# No Cab Heat



## mayhem (Aug 25, 2006)

So today's subzero temperatures really got to my truck...I've got almost no heat coming out of the vents. Checked the lines under the hood and the return line from the firewall was stone cold. Am I right in thinking my heater core is pretty much plugged up?

I had slow heat late last winter combined with a low temp gauge, which I figured was a abd t-stat...replaced it, burped the lines and the problem went away.

This year, its worse, but the temp gauge reads normal and the coolant lines are all hot. I had a local place do a flush and fill and it helped significantly for about a month, but now its virtually no heat at all.

Gonna call the local radiator specialty place tomorrow, anyone have any other ideas to try that won't run me a kajillion dollars?


----------



## scitown (Dec 9, 2007)

I just sold my old 1990 flare side z71 to a friend. He lost heat in it about a month ago. He said he somehow cleared the lines with compressed air. Blew a big plug of crap out the return hose. He said it was like playdoe. Hope it can be cleared and It is not the heater core good luck.


----------



## ahoron (Jan 22, 2007)

try to back flush the core with a garden hose. remove the hoses from the heater stick hose in return side.or compressed air like scitown said.good luck


----------



## Plowinpro03 (Dec 18, 2007)

ahoron;477574 said:


> try to back flush the core with a garden hose. remove the hoses from the heater stick hose in return side.or compressed air like scitown said.good luck


I did that with a pressue washer one time...deff. cleaned out the core and my cab along with it......

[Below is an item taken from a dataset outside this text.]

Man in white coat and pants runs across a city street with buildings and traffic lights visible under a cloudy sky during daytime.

To answer your question in short, its most likey the heater...quick fix....try kicking hard under your passenger side dash and see if it loosens up a little....


----------



## sechracer (Nov 4, 2007)

If you can hear the blower motor running, the fan itself is fine. With one side of the core being cold, its definitly plugged. The garden hose works great, I do not reccomend using air as if you cant get it to push out, you could crack the core, and then you have to replace it. Useing a garden hose, remove the hoses from the core (or the other ends if easier to reach, but make sure they are the ones directly to the core), flush the water through the cold side first. When the water clears up, fush back through the other way. Do this a few times, and then hook everything back up. Refill the system, burp it, and refill it again. Warm up the truck and try it.

OR replace the heater core....... your choice.

Tom


----------



## mayhem (Aug 25, 2006)

I think I'll try the first option first.

Thanks guys.


----------



## sweetk30 (Sep 3, 2006)

if dex cool first get rid of it now !!!!

then flush heater core with garden hose. we do it all the time at work. 

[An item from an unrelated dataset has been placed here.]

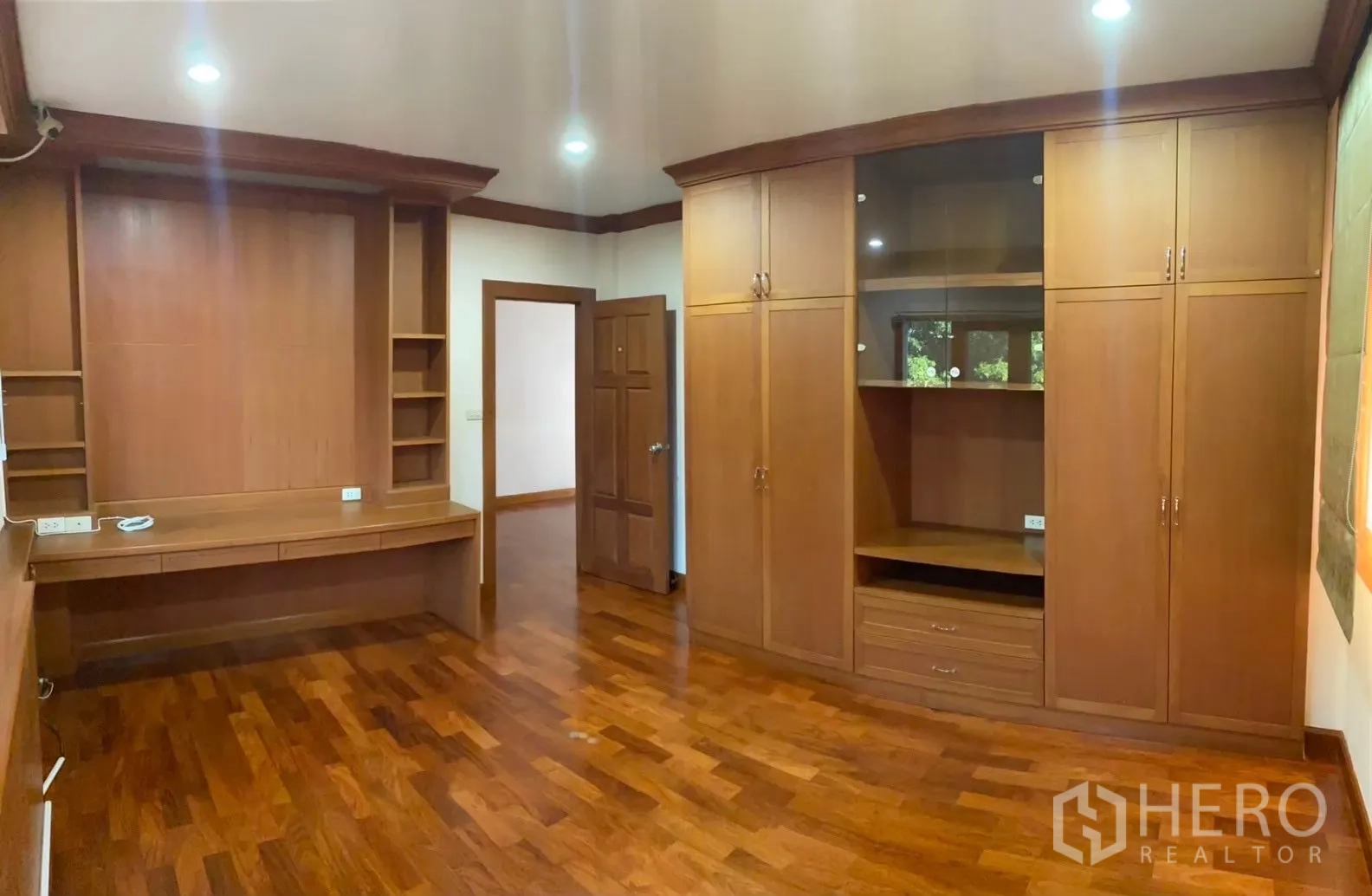 Detached House for rent in Watthana, Bangkok - Master bedroom with curved built-ins and doors to balcony.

that dex cool needs to be installed up the enginers arsh till he is toped off.


----------



## pyro29 (Dec 7, 2007)

sweetk30;478022 said:


> if dex cool first get rid of it now !!!!
> 
> then flush heater core with garden hose. we do it all the time at work.
> 
> that dex cool needs to be installed up the enginers arsh till he is toped off.


Second that! Every vehicle with dex-cool is a clogged core waiting to happen.

And a leaking intake gasket...and a bad water pump...and a crusty leaking radiator...


----------



## Plowinpro03 (Dec 18, 2007)

pyro29;478149 said:


> Second that! Every vehicle with dex-cool is a clogged core waiting to happen.
> 
> And a leaking intake gasket...and a bad water pump...and a crusty leaking radiator...


The dealer wouldn't even be able to say it better for themselves...dex-cool...a failed attempt by GM...


----------



## scitown (Dec 9, 2007)

Did you flush it out? Let us know how you made out.


----------



## mayhem (Aug 25, 2006)

Flushed it out this morning...plug of nasty crap came out of the core looking for all the world like a cup of black coffee. Flushed it in both directions twice through the core, water was clear running through. Reconnected everything and fired it up...had warm air in the cab inside of 5 minutes.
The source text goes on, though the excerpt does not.